#### PROBLEM TO SOLVE
The output should be all lines of the entries below in which the word "White" occurs.

___ RECORDS TO USE

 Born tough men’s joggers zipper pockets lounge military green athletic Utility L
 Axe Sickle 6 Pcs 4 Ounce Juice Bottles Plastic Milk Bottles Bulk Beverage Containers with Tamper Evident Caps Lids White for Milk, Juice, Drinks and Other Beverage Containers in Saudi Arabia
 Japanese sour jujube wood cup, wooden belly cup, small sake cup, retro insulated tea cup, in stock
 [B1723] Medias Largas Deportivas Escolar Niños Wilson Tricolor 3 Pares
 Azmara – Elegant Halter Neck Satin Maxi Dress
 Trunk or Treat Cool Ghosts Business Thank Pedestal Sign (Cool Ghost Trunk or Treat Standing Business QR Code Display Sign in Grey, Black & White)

______
___ RECORDS TO USE

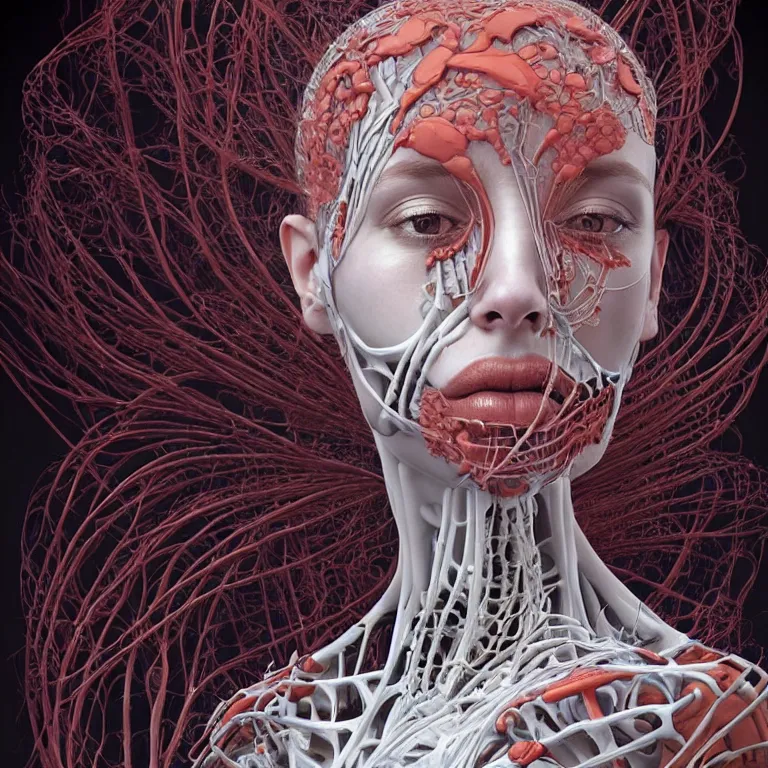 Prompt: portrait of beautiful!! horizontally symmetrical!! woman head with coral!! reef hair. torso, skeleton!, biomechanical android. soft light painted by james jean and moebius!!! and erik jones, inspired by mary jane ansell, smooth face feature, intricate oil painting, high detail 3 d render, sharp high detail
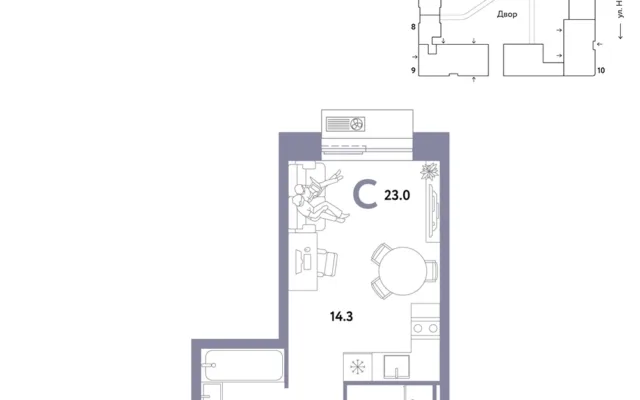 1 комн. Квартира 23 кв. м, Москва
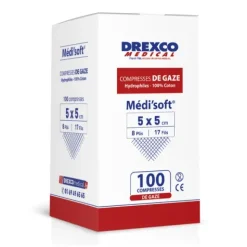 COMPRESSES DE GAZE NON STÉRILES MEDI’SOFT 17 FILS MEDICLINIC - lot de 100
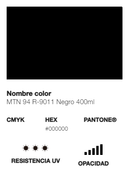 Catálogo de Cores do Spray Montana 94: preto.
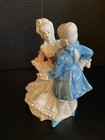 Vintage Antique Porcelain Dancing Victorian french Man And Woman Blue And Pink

______
___ RECORDS TO USE

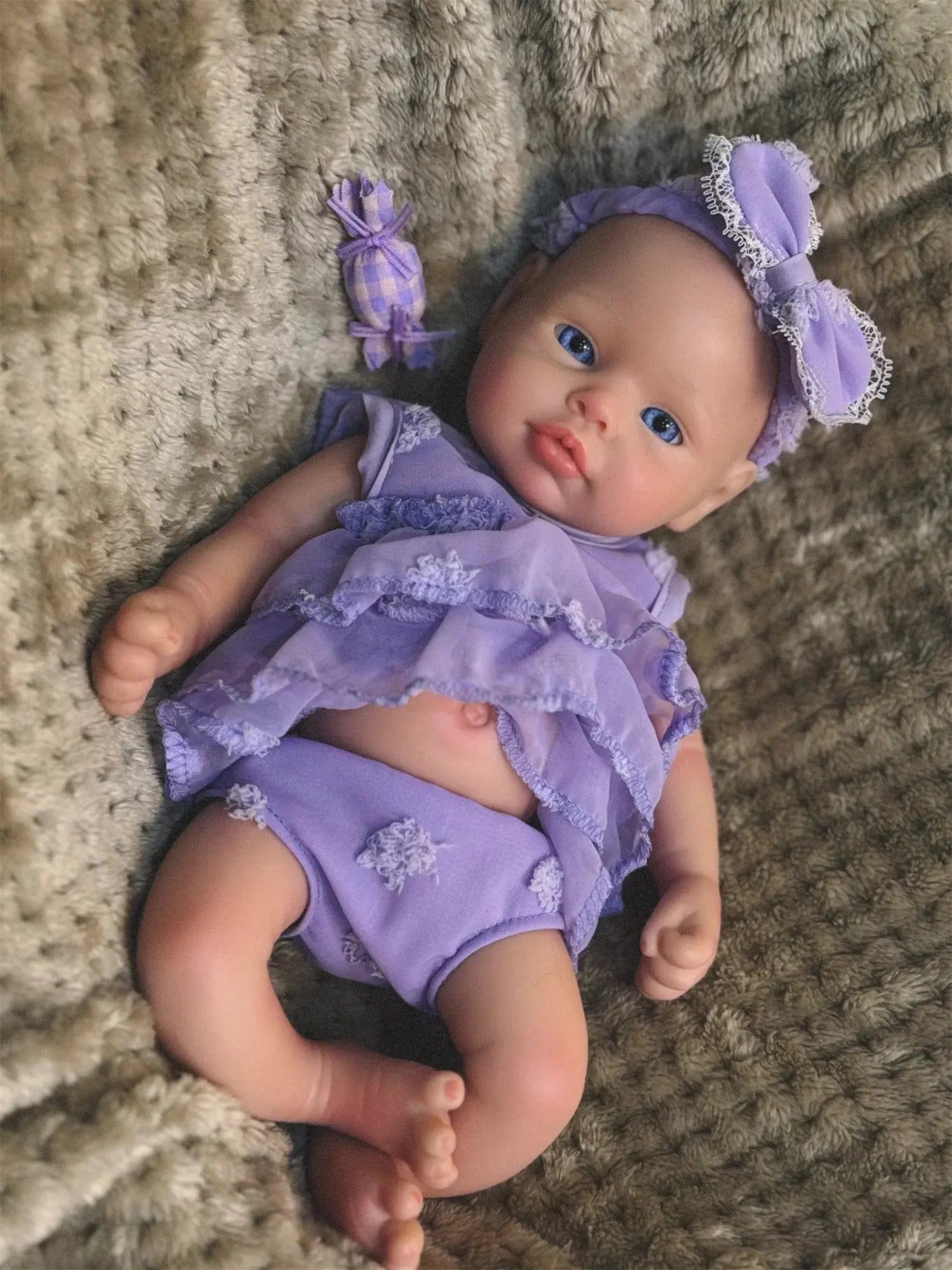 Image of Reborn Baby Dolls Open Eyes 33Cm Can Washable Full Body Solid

______

#### PROBLEM SOLUTION
 Axe Sickle 6 Pcs 4 Ounce Juice Bottles Plastic Milk Bottles Bulk Beverage Containers with Tamper Evident Caps Lids White for Milk, Juice, Drinks and Other Beverage Containers in Saudi Arabia
 Trunk or Treat Cool Ghosts Business Thank Pedestal Sign (Cool Ghost Trunk or Treat Standing Business QR Code Display Sign in Grey, Black & White)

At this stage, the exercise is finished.